Some importers of West Mexican fruits and vegetables think that while the recession isn’t really over yet, the economy is better enough that customers will demand more organic produce this year.
After a down year in 2009, thanks to the worldwide recession, 2010 is looking up for the organic greenhouse vegetable program of Guadalajara, Mexico-based Divemex SA, said Kevin Batt, greenhouse category manager for Vancouver, British Columbia-based The Oppenheimer Group, which does marketing for Divemex.
The category isn’t expanding at its pre-recession pace, Batt said, but at least it seems to have halted its temporary slide.
“A lot of retailers who backed off last year are starting to integrate it back in,” he said.
“It’s not the same growth rate as before, but they’re realizing they can’t do without it.”

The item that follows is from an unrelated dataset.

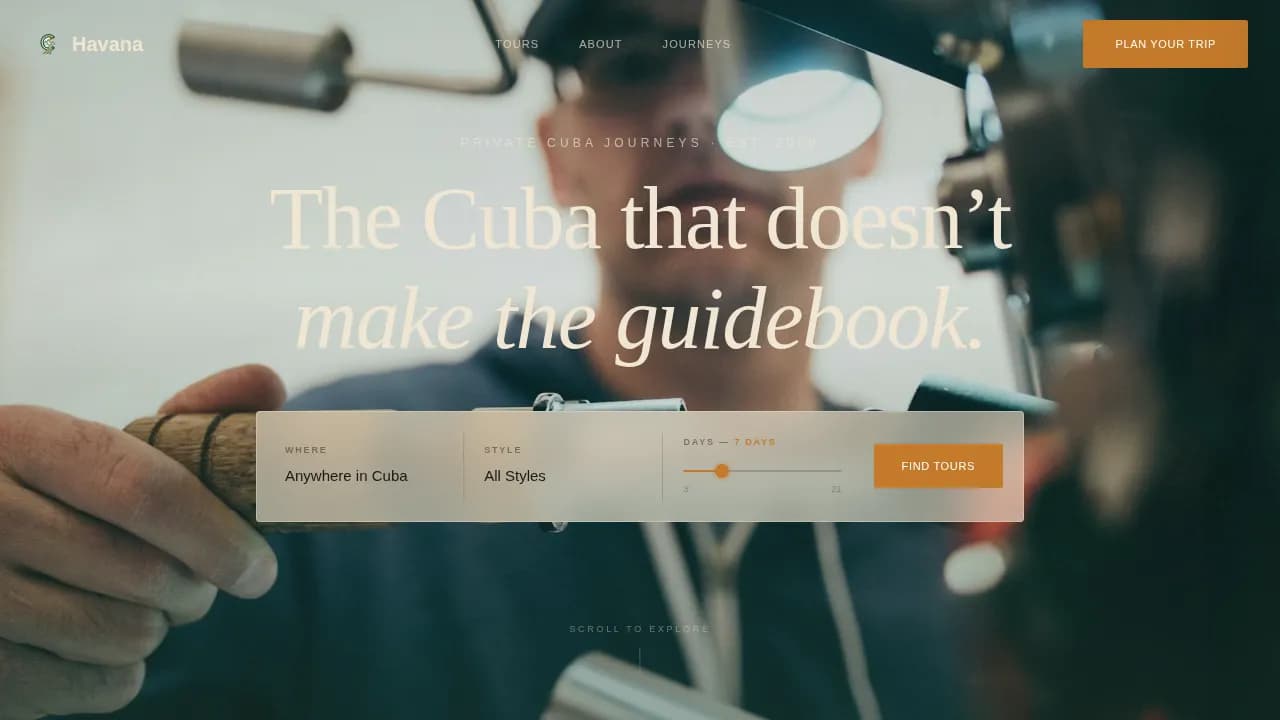 Cuba Travel Booking Website Template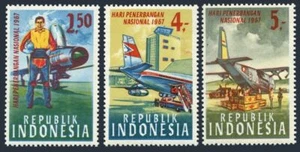 Indonesia 721-723, MNH. Mi 578-580. Aviation Day 1967. Traffic control tower,Jet - Picture 1 of 1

Organic bell peppers seem to attract more demand than other vegetable products, Batt said, though this year, Mexican bells, especially on the East Coast, will have to contend with higher volumes of organic bells from Israel, he said.
Nogales-based Farmer’s Best International LLC expects to see a boost in its organic Mexican mango program this spring mirroring the overall growth of the company’s mango category, said Rick Burkett, a salesman for the company.
For now, at least, mangoes are the only organic fruit or vegetable commodity Farmer’s Best imports from West Mexico in the spring, Burkett said.
“In the future we may consider others, but it’s not in our immediate plans,” he said.
The Nogales office of Los Angeles-based The Giumarra Cos. expects to ship organic colored bell peppers, shade house cucumbers, Tuscan melons, honeydews and seed-less watermelons this spring from Mexico, said Nick Rendon, division sales manager.